TOOLS = "box_zoom,wheel_zoom,pan,box_select,reset"

# create a new plot and add a renderer
left = figure(tools=TOOLS, width=500, height=500, title=None)
left.circle('supervision_costs', 'undue_payment_made', color = 'color' , source=source)
left.line(x_1 , y_1 ,  color = 'grey' , alpha = .7)
left.line(x_2 , y_2 ,  color = 'grey' , alpha = .7)
left.line(x_3 , y_3 ,  color = 'grey' , alpha = .7)
left.line(x_4 , y_4 ,  color = 'grey' , alpha = .7)
left.line(x_5 , y_5 ,  color = 'grey' , alpha = .7)
left.line(x_6 , y_6 ,  color = 'grey' , alpha = .7)
left.line(x_1 , y_1 ,  color = 'grey' , alpha = .7)
left.xgrid.grid_line_alpha = 0.5
left.ygrid.grid_line_dash = [6, 4]
left.yaxis.axis_label = 'Undue Payments Made'
left.xaxis.axis_label = 'Supervision Costs'
#left.title = 'Program Costs Trade-off'

# create another new plot and add a renderer
right = figure(tools=TOOLS, width=500, height=500, title=None)
right.circle('sensitivity', 'ppv',  color = 'color' , source=source)
right.xgrid.grid_line_alpha = 0.5
right.ygrid.grid_line_dash = [6, 4]
right.yaxis.axis_label = 'Positive Predictive Value'
right.xaxis.axis_label = 'Sensitivity'
#right.title = 'Accuracy Trade-off'
p = gridplot([[left, right]])

show(p)
Loading BokehJS ...
In [ ]:
if export_bokeh == True :
    script , div = components(p)
    print(div)
    print(script)

Conclusion

This first exploration is interesting at two main levels.
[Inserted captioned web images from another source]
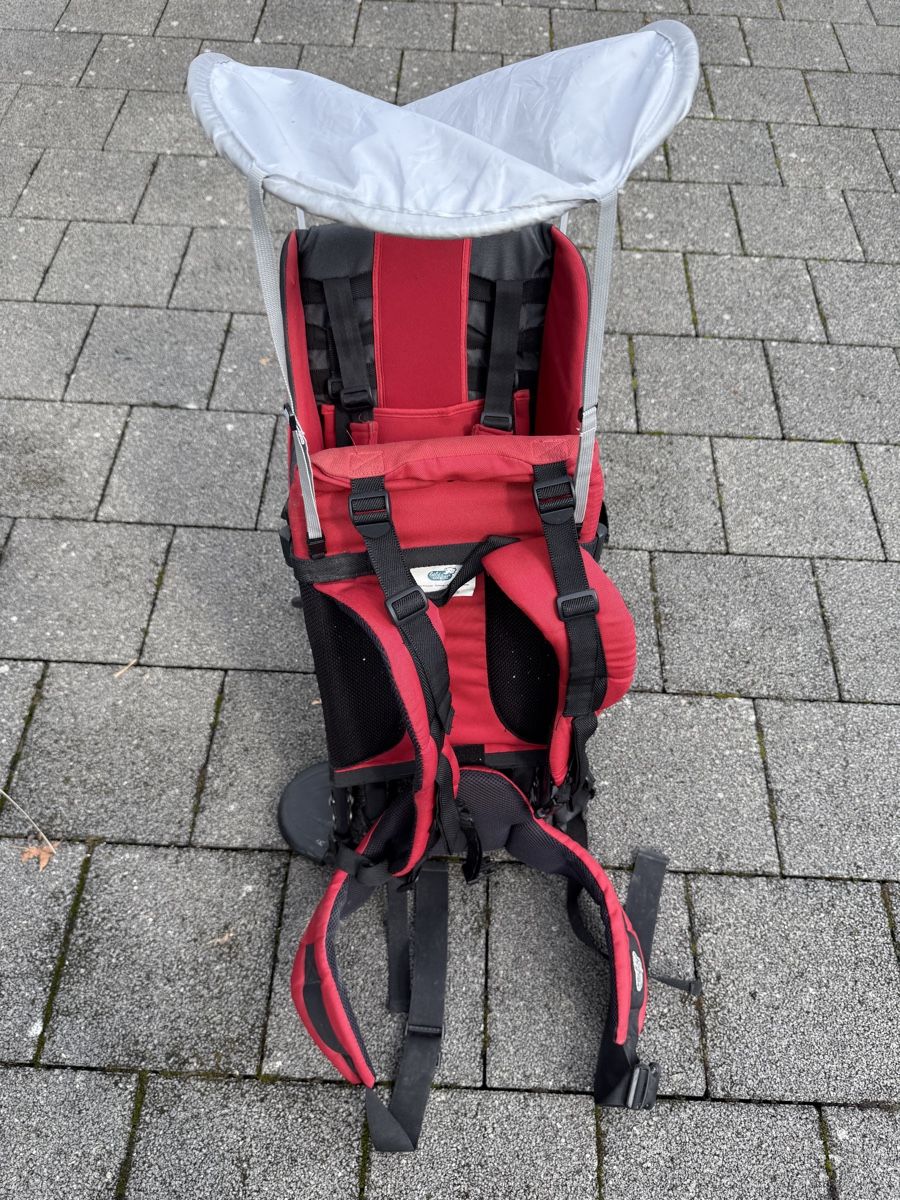 Bauch- & Rückentragen: Top Wander-Trage / Kindertrage von Maya mit Sonnendach 🌞 – Gebraucht aus Au SG von fit_v6qm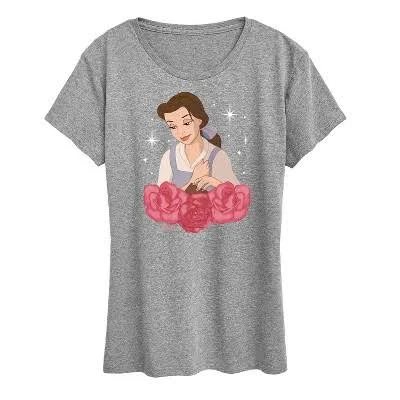 Disney Belle Roses Graphic T-Shirt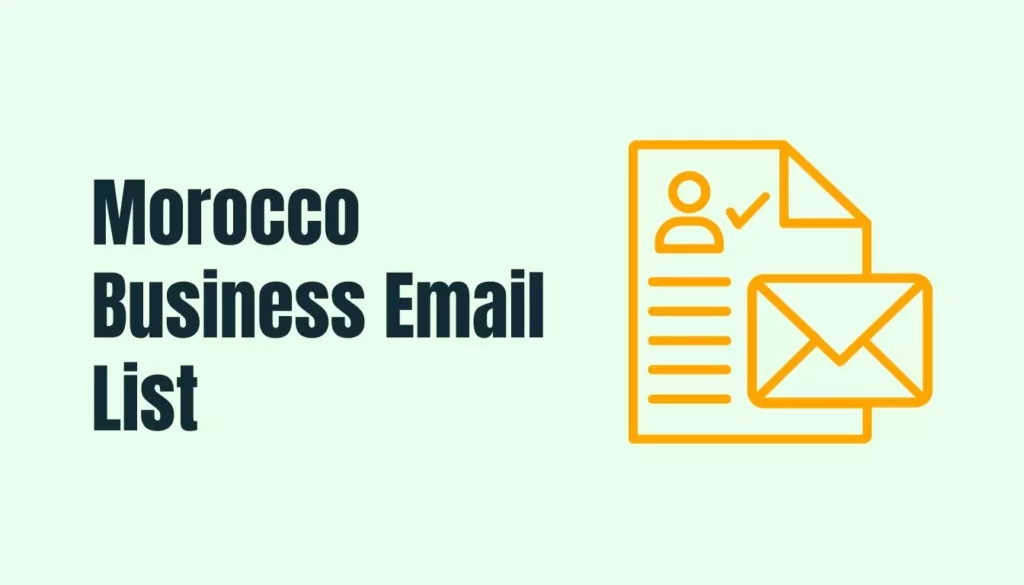 Morocco Business Email List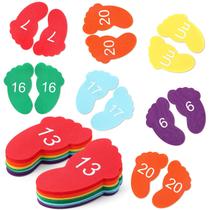 Carpet Feet Spots Outus para o chão da sala de aula (48 peças)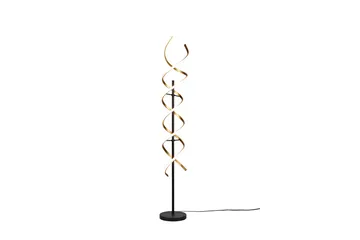 Trio Lighting Sequence LED gulvlampe mat messing/matsort - Trio Lighting - Belysning - Lamper & indendørsbelysning - Soveværelse lampe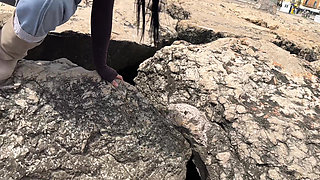 I Go with My Stepbrother to Spend the Day at the Beach and We End up Fucking Between the Rocks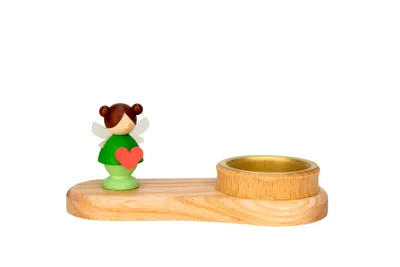 Obrázek produktu pro Stojánek na čajovou svíčku víla se srdcem barevný ŠxVxH 13x5x6cm NOVINKA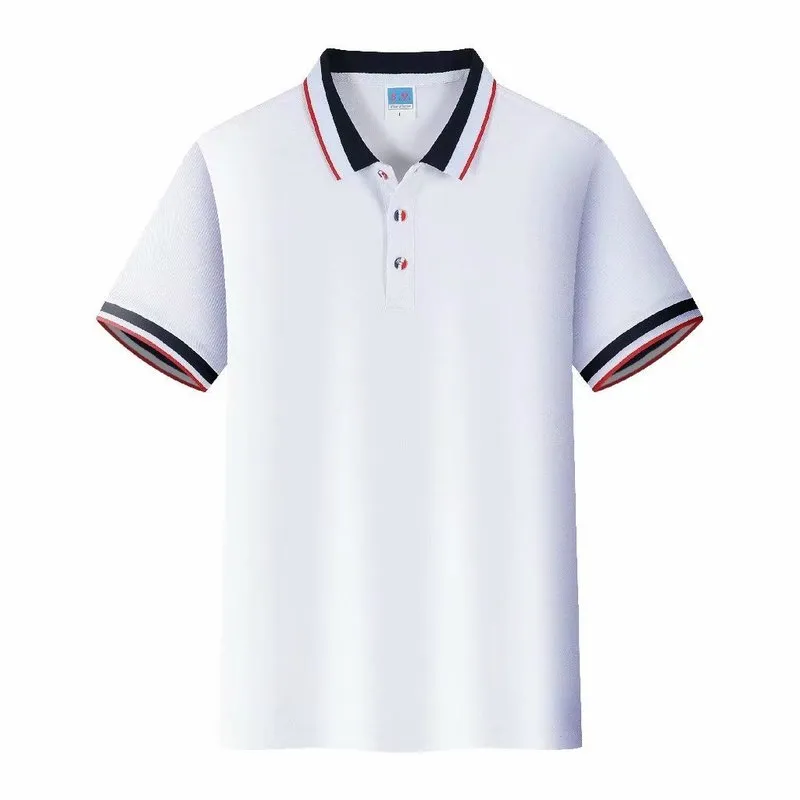 Polo shirt free custom pattern text summer top men's T-shirt casual bottoming shirt el dining overalls bottoming shirt 220608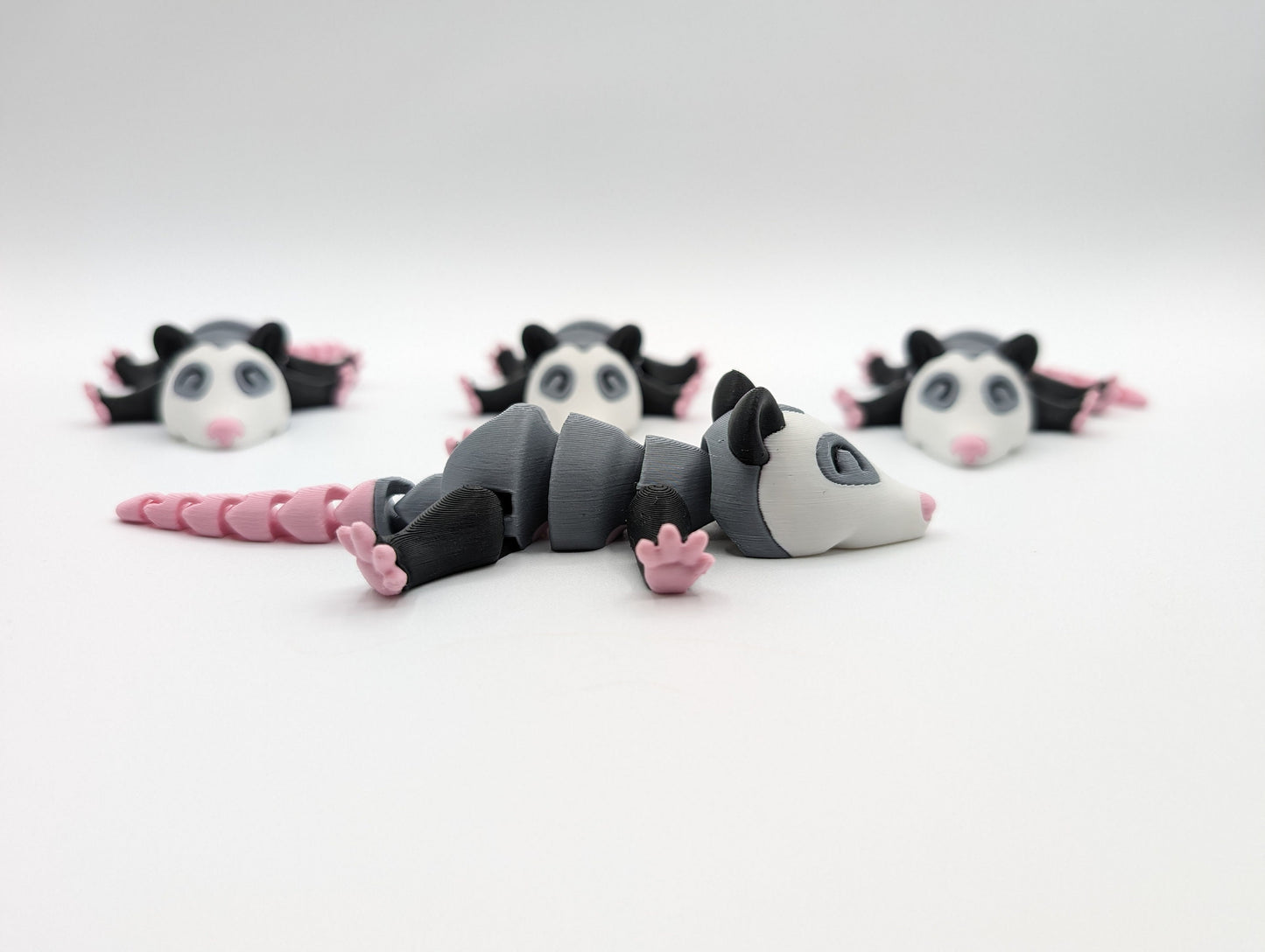 Possum with Trash Can Fidget Toy - 3D Printed Cute Stress Relief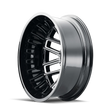Load image into Gallery viewer, Mayhem 8107D Cogent Dually 20x8.25/8x210 BP/-192mm Offset/154.2mm Hub Black w/ Milled Spokes Wheel - Side View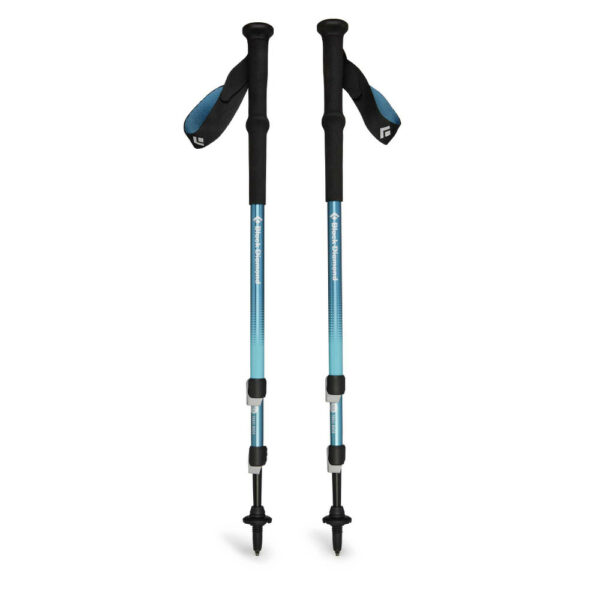 back trecking poles creek blue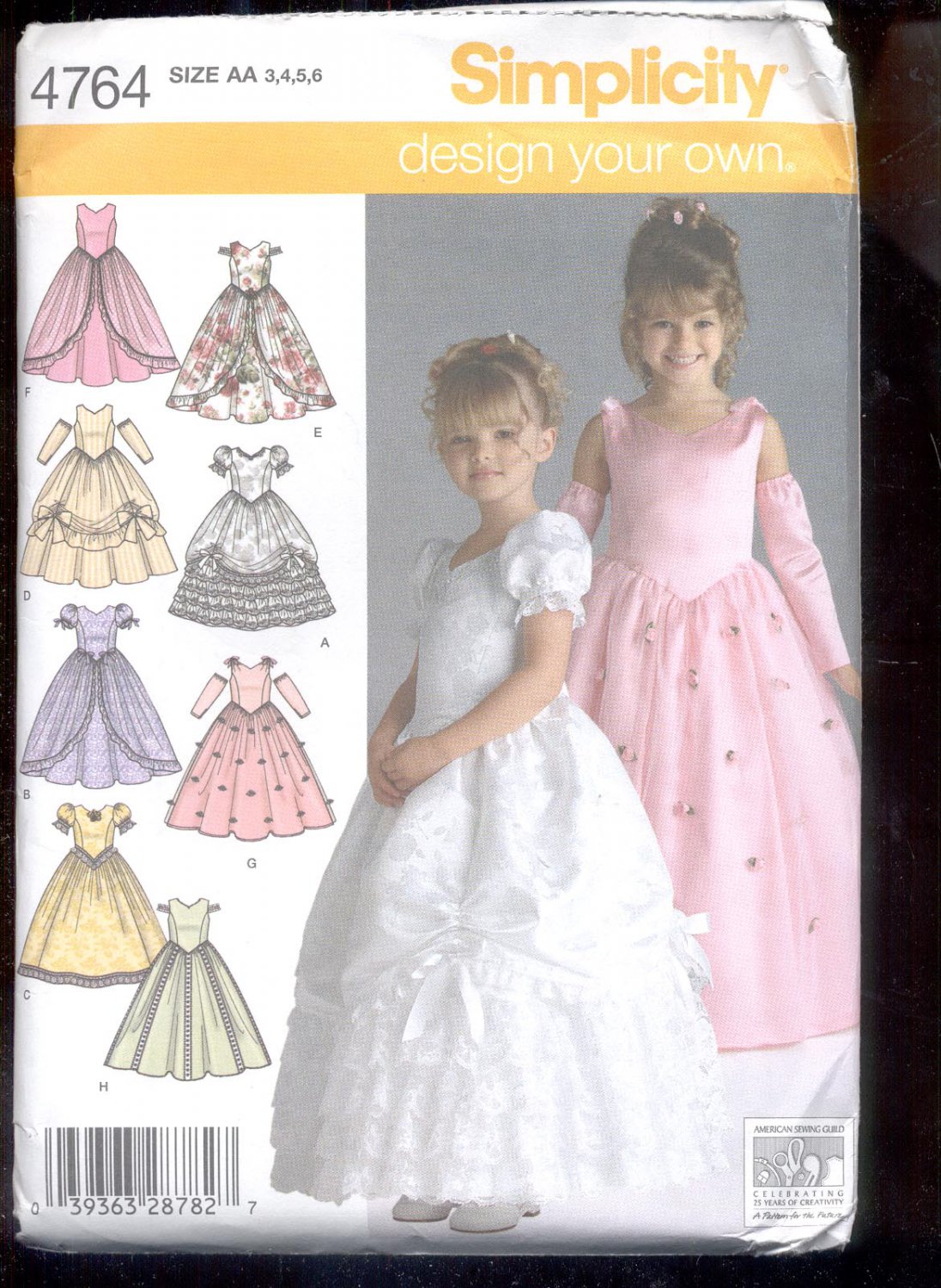 Simplicity Pattern 4764 Child's special occression dress sizes AA-...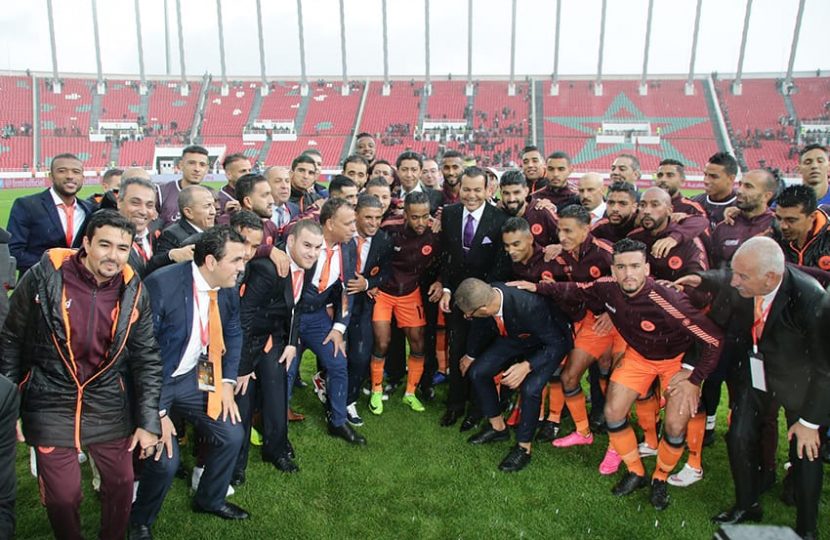 نهضة بركان يتوج بطلًا لكأس العرش المغربي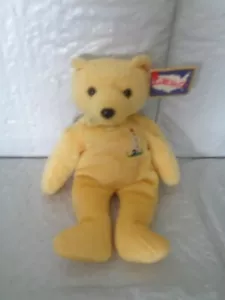 1999 - Lerc - cuccioli costieri - peluche orsacchiotto faro sabbioso - 8" - Foto 1 di 1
First, as a proof of concept, this work allowed us to show that taregeted strategies are helpful to reduce program costs. Our simulations can be considered realistic simulations of real world implementation, as all the data used comes from real world situations. This is encouraging as it leads us to want to optimize the targetting algorithms in order to improve the benefits we observed with a naive approach.

Second, this work allowed us to lay a theoretical framework, a computational engine and a validation framework that can be easily built upon to explore more targeted strategies for program monitoring. We thus provide a generic framework in which to test and optimize additional monitoring algorithms.